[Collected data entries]
╭──

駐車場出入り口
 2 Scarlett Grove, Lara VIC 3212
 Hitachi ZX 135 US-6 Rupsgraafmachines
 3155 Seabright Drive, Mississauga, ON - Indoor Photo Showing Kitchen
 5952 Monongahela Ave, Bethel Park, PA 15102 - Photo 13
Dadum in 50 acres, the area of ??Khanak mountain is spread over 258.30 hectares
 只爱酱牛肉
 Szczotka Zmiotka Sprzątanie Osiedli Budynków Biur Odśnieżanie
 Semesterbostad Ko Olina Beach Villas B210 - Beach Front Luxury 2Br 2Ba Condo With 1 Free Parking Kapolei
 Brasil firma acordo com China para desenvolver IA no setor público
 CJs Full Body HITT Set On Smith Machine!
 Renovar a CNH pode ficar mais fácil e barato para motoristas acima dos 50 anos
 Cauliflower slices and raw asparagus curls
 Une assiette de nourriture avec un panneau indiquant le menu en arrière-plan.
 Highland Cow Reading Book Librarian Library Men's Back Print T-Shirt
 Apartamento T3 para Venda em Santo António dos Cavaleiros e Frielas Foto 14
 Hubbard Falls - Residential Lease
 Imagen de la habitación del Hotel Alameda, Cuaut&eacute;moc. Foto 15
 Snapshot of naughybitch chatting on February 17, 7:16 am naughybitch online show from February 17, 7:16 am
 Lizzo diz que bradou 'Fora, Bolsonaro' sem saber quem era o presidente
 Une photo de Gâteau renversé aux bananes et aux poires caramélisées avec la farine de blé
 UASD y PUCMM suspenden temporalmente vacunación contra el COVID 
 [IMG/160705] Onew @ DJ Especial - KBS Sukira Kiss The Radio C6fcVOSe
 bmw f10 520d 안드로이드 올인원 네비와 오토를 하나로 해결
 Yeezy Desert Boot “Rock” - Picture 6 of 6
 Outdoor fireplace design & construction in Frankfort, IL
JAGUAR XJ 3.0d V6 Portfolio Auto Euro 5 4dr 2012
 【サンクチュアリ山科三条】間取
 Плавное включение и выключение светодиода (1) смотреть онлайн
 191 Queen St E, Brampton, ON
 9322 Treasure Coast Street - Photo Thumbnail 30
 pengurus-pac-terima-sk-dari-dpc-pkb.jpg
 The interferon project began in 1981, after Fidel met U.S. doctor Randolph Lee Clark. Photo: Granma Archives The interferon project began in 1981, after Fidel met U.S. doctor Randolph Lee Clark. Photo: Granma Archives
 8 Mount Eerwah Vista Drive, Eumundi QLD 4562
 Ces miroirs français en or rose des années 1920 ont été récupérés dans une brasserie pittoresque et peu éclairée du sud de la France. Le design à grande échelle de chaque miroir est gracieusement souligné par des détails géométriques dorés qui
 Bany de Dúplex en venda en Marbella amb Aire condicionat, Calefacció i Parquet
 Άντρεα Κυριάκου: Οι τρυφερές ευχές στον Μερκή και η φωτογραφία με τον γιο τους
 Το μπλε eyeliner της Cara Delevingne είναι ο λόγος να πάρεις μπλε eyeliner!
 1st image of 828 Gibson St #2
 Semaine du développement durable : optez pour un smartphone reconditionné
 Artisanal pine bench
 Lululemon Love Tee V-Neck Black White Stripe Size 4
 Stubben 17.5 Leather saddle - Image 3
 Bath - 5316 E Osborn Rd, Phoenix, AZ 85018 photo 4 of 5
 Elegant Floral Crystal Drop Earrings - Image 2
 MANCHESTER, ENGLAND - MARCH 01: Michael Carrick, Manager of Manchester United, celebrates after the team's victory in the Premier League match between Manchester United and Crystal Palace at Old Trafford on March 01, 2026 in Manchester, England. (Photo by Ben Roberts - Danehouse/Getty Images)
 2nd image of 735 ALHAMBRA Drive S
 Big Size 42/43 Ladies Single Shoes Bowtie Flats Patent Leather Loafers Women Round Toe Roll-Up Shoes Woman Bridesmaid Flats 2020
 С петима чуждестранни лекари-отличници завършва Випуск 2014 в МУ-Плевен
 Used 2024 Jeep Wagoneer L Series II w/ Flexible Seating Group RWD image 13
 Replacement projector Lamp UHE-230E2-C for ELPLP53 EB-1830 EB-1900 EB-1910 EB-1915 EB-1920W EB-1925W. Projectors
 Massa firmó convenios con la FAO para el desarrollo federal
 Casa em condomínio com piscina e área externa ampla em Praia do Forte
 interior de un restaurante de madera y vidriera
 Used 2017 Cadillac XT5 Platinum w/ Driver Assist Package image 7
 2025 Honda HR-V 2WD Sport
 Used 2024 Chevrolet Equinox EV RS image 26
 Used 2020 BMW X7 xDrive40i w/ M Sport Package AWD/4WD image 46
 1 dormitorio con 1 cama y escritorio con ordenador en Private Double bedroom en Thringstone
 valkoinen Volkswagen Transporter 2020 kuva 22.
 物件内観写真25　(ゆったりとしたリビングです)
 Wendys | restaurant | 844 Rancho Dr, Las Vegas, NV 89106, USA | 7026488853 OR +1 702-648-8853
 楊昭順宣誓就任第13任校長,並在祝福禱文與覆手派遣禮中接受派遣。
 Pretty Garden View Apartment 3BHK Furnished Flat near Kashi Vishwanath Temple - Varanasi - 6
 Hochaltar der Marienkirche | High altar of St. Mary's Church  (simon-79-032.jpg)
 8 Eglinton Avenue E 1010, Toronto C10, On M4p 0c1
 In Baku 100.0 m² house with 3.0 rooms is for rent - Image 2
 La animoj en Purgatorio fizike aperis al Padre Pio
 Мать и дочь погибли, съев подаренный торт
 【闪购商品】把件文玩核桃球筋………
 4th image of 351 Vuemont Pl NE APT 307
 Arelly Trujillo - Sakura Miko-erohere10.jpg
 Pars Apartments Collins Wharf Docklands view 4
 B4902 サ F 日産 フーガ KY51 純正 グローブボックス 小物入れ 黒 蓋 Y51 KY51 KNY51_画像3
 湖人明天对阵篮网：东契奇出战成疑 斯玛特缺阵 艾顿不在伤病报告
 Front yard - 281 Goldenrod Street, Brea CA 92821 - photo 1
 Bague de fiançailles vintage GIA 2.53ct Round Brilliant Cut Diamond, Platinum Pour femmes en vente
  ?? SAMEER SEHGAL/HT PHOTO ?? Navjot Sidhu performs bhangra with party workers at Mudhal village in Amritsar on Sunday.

╰──

Using the data above, extract exactly the lines from the one that holds "Big Size 42/43" to the one that holds "8 Eglinton Avenue", both ends included, and no others.

 Big Size 42/43 Ladies Single Shoes Bowtie Flats Patent Leather Loafers Women Round Toe Roll-Up Shoes Woman Bridesmaid Flats 2020
 С петима чуждестранни лекари-отличници завършва Випуск 2014 в МУ-Плевен
 Used 2024 Jeep Wagoneer L Series II w/ Flexible Seating Group RWD image 13
 Replacement projector Lamp UHE-230E2-C for ELPLP53 EB-1830 EB-1900 EB-1910 EB-1915 EB-1920W EB-1925W. Projectors
 Massa firmó convenios con la FAO para el desarrollo federal
 Casa em condomínio com piscina e área externa ampla em Praia do Forte
 interior de un restaurante de madera y vidriera
 Used 2017 Cadillac XT5 Platinum w/ Driver Assist Package image 7
 2025 Honda HR-V 2WD Sport
 Used 2024 Chevrolet Equinox EV RS image 26
 Used 2020 BMW X7 xDrive40i w/ M Sport Package AWD/4WD image 46
 1 dormitorio con 1 cama y escritorio con ordenador en Private Double bedroom en Thringstone
 valkoinen Volkswagen Transporter 2020 kuva 22.
 物件内観写真25　(ゆったりとしたリビングです)
 Wendys | restaurant | 844 Rancho Dr, Las Vegas, NV 89106, USA | 7026488853 OR +1 702-648-8853
 楊昭順宣誓就任第13任校長,並在祝福禱文與覆手派遣禮中接受派遣。
 Pretty Garden View Apartment 3BHK Furnished Flat near Kashi Vishwanath Temple - Varanasi - 6
 Hochaltar der Marienkirche | High altar of St. Mary's Church  (simon-79-032.jpg)
 8 Eglinton Avenue E 1010, Toronto C10, On M4p 0c1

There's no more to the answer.